Although Homan has acknowledged that the immigration
surge in Minnesota has not “been perfect,” his upbeat predictions of a smooth
and swift détente seem to underestimate how much ill will the Trump
administration’s actions have caused among the state’s politicians, activists,
and residents. The killings of Good and Pretti-–each followed by a
Trump-administration push to denigrate the victims and box out local
investigators-–came against a backdrop of growing mistrust and frustration even
among officials who have typically embraced partnership with their federal
partners.
“One of the things that was exceedingly frustrating was
the fact that they were putting out information that was just utterly and
completely untrue,” Minnesota Department of Corrections Commissioner Paul
Schnell told me.
Schnell met with Homan this week. The prison-systems
leader told me that his agency felt it had no choice but to take the
extraordinary step of creating a
webpage to fact-check several statements made by the Department of Homeland
Security, which claimed that the state was routinely releasing violent
criminals onto the street.
Several of the convicted criminals DHS claimed it had “arrested”

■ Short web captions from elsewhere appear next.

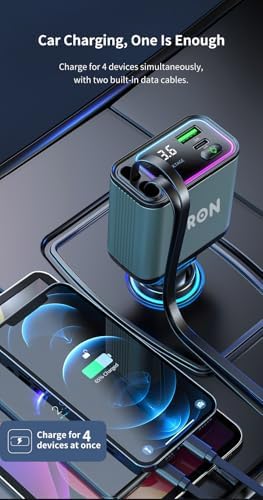 TRON 4-in-1 TR32 USB-C Car Charger Adapter – 660 W Rapid Charging with Retractable 2.6 Ft Cables & Dual USB Ports for Ultimate Device Compatibility and Convenience on the Go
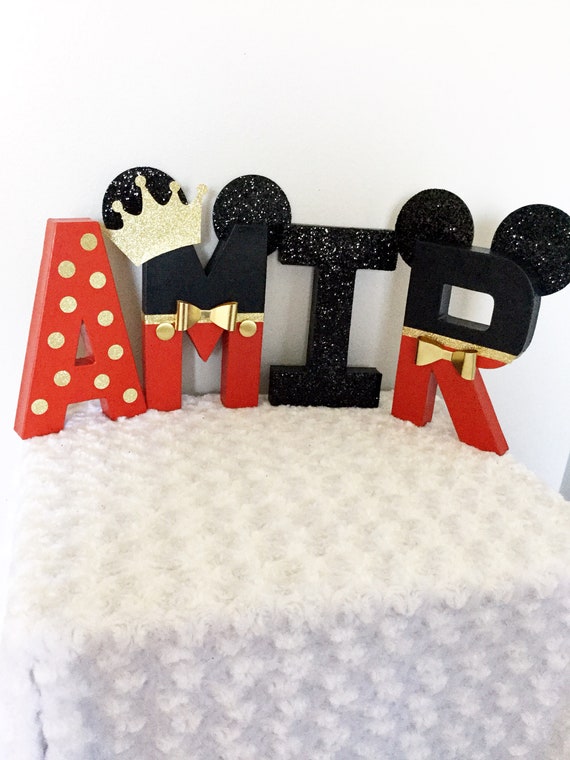 Royal Prince Mickey Letters Red And Gold Letters Royal Prince Baby Shower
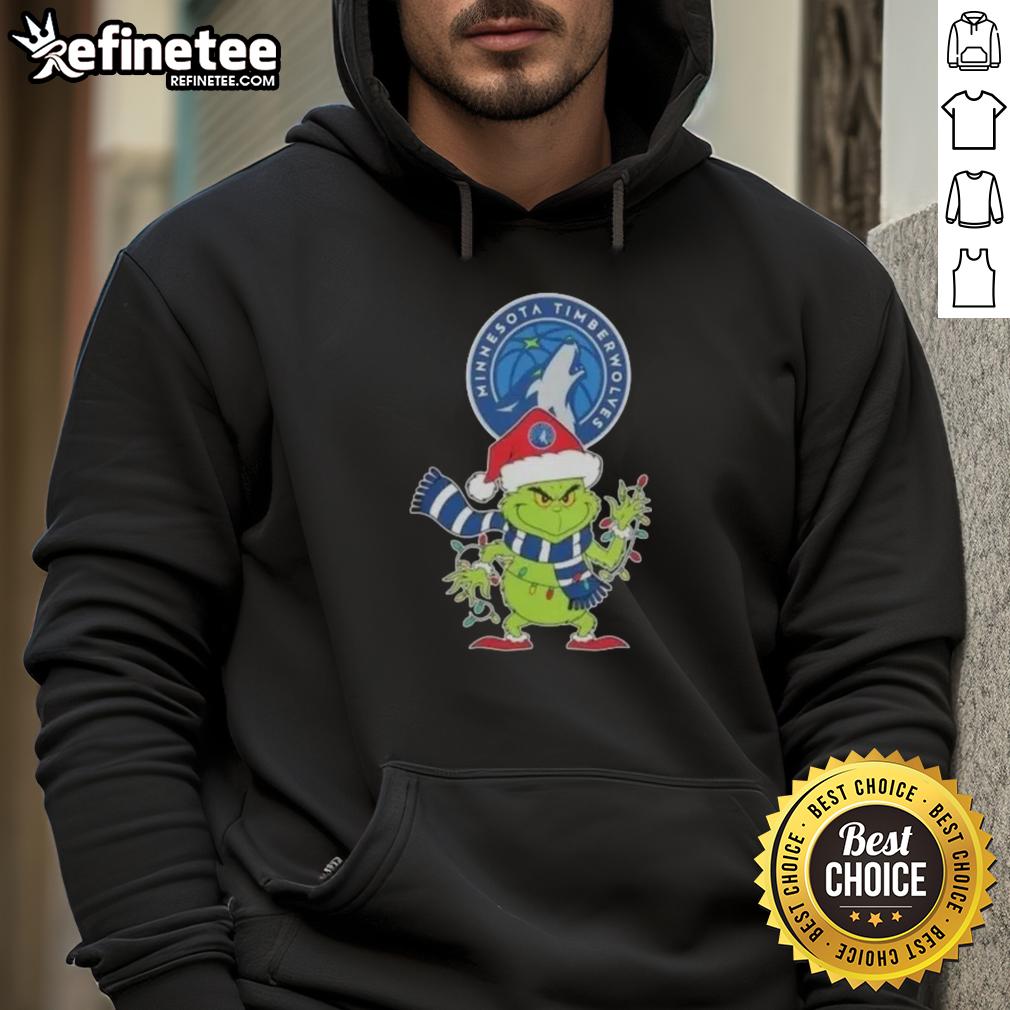 Holiday hoodie featuring Nice 2025 Minnesota Timberwolves design with Grinch and Santa hat for festive fans.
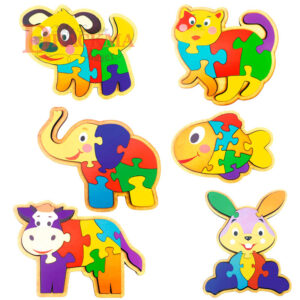 Quebra Cabeça Cachorro, Gato, Elefante, Peixe, Vaca e Coelho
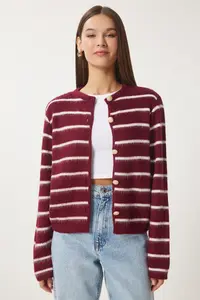 Happiness İstanbul Women's Burgundy Bone Stylish Buttoned Striped Knitwear Cardigan - Image 3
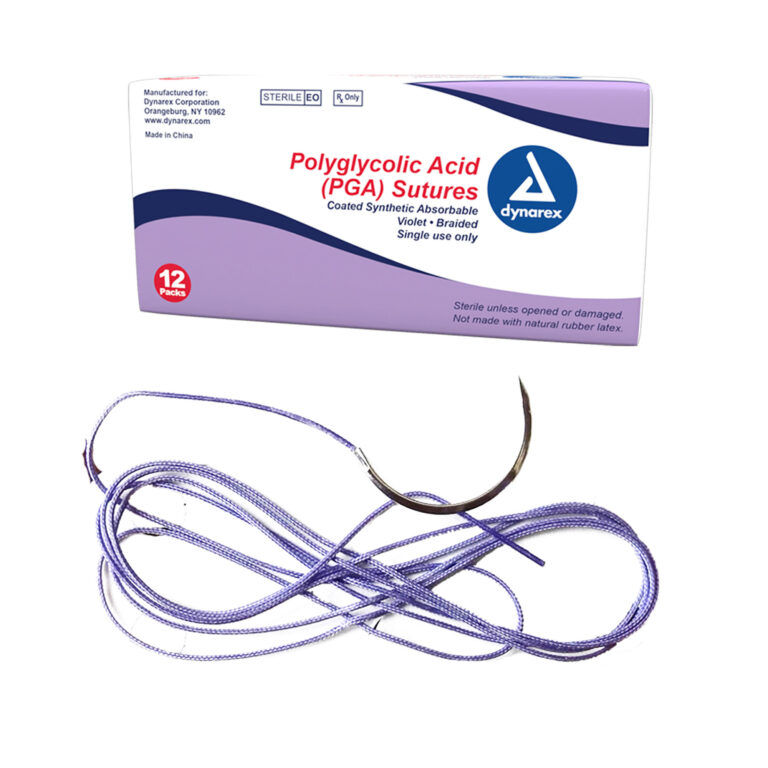 Dynarex 9131 Braided (PGA) Sutures - Absorbable - Synthetic, Violet, 5-0, C3 Needle, 18", 12/bx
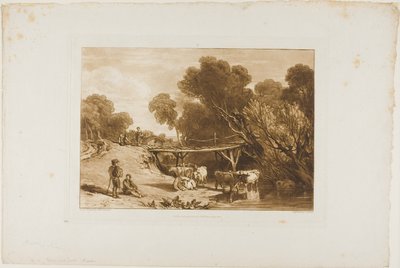 Brug en Koeien, plaat 2 uit Liber Studiorum door Joseph Mallord William Turner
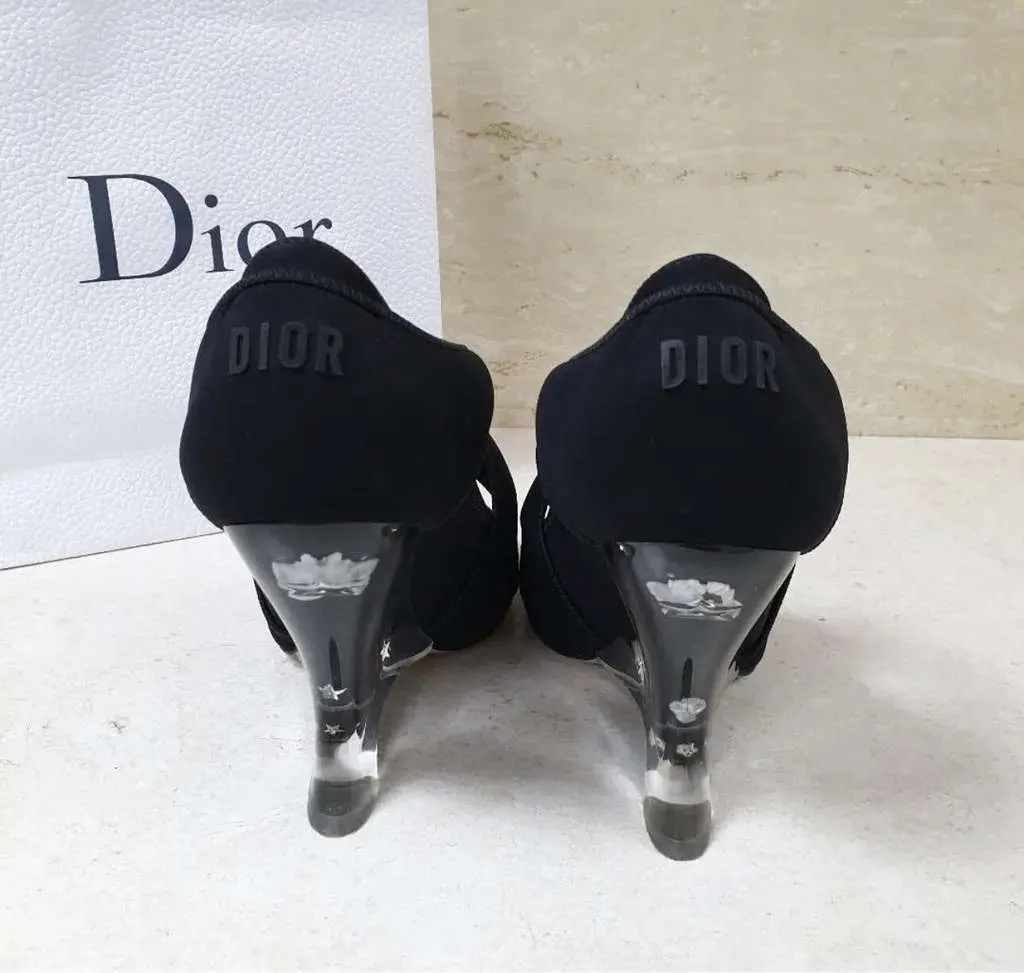 Dior Christian Neoprene Strappy Sandals Black Leather Very good - Box View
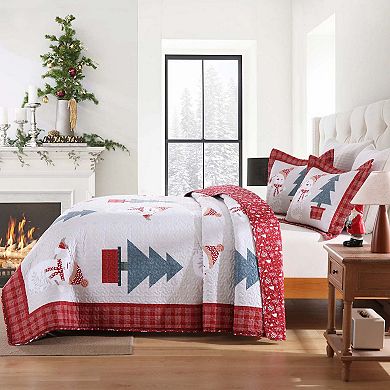 Marcielo 3 Pcs Snowman & Tree Christmas Quilt Reversible Holiday Bedspread Set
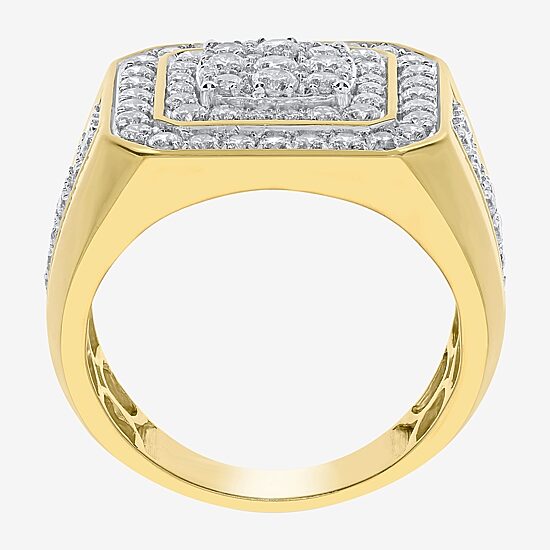 Mens 2 CT. T.W. Natural White Diamond 10K Gold Fashion Ring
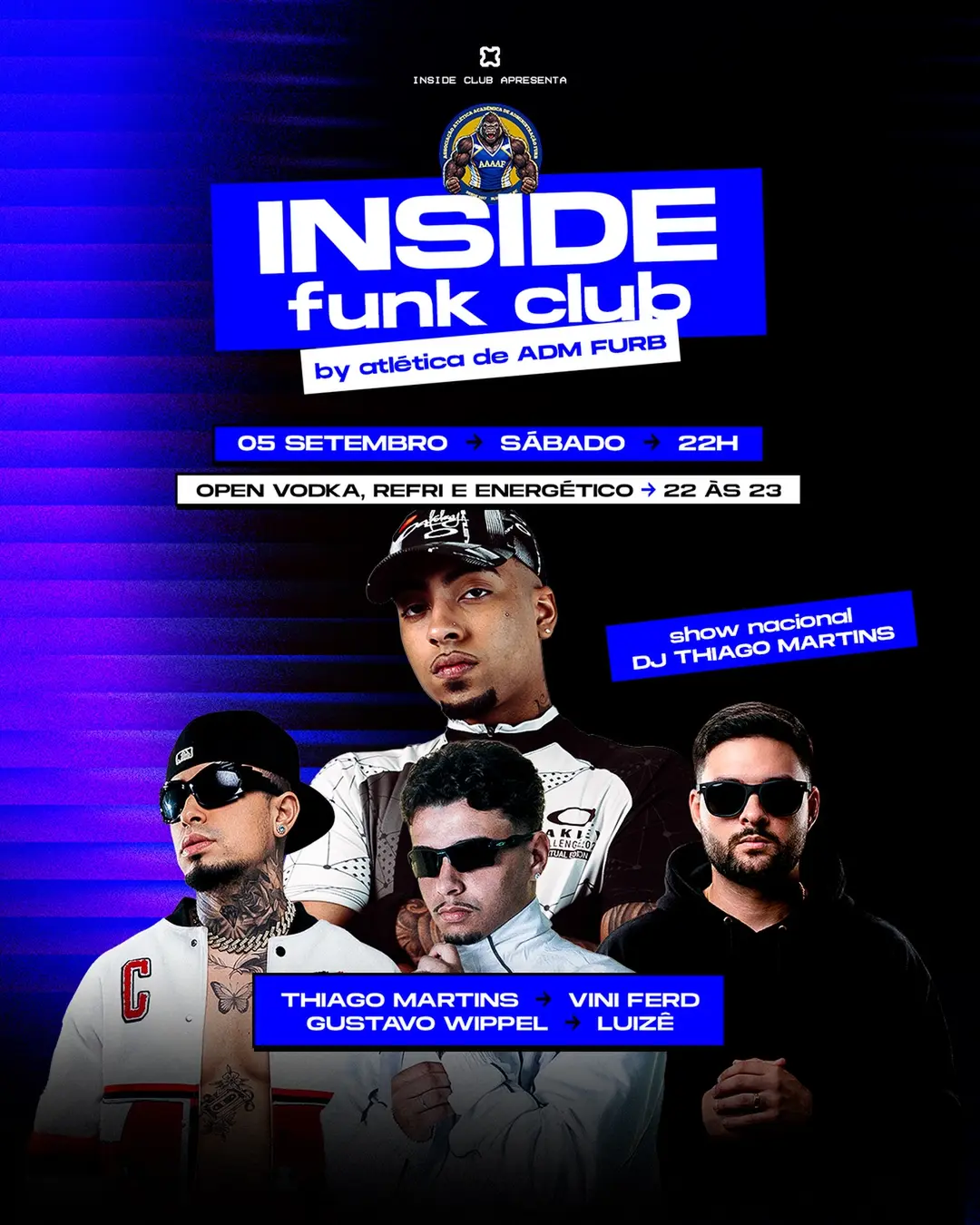 Flyer de Thiago Martins, Ferd, Gustavo Wippel e Luis Gustavo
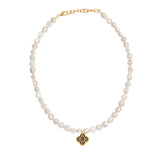 Clover crystal pearl chain necklace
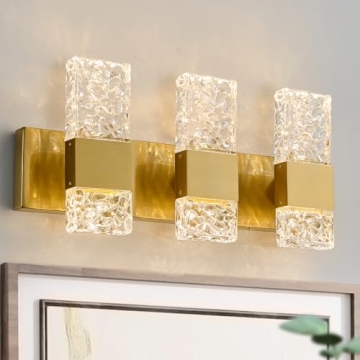 OYLYW Gold Bathroom Vanity Lights Fixtures Over Mirror LED Crystal Modern 3 Light Brushed Stainless ...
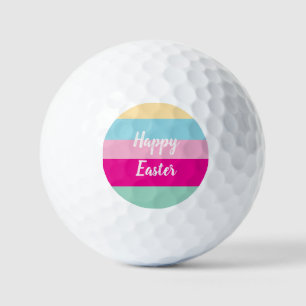 Fröhliches Osterfarbenes Streifenmuster Golfball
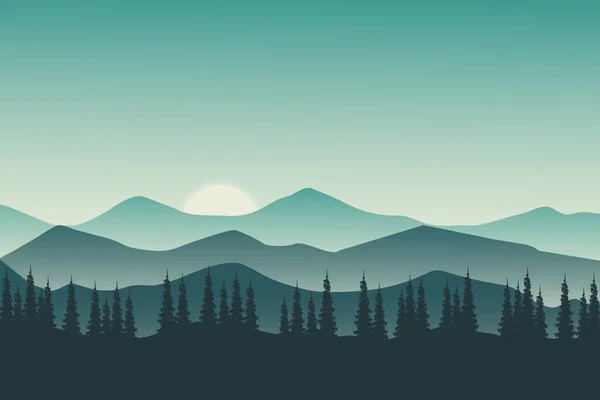 Paysage Plat Nature Verdure Montagnes Soir Clair — Image vectorielle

in Minnesota had actually been in his department’s custody when they were
handed over to federal officials, Schnell said. These transfers, which took
place without fanfare inside state prisons, belied the administration’s
argument that it had sent 3,000 agents into Minnesota to hunt down criminals
because it was not receiving cooperation from local officials. Speaking to
reporters on Thursday, Homan acknowledged that the Department of Corrections
had been honoring ICE detainers—requests from the federal government for
information about inmates who may be subject to immigration removal
proceedings.
The broader challenge for the Trump administration is
that focusing on the kinds of violent criminals DHS has called “the worst of
the worst” won’t produce the mass-deportation
numbers that Trump has demanded. Schnell told me that he could find no
justification for the administration’s claim that there were more than 1,360
inmates with ICE detainers in Minnesota. He said his office repeatedly sought
clarity from DHS about the figure but received no answer, eventually opting to
launch the webpage, which is titled “Combatting DHS Misinformation.” Schnell
told me that the state prison system has only about 270 noncitizen inmates, or
less than 3 percent of its total population of about 8,000. The large
deployment of immigration officers to Minneapolis never made sense if the goal
was to target violent criminals, he said.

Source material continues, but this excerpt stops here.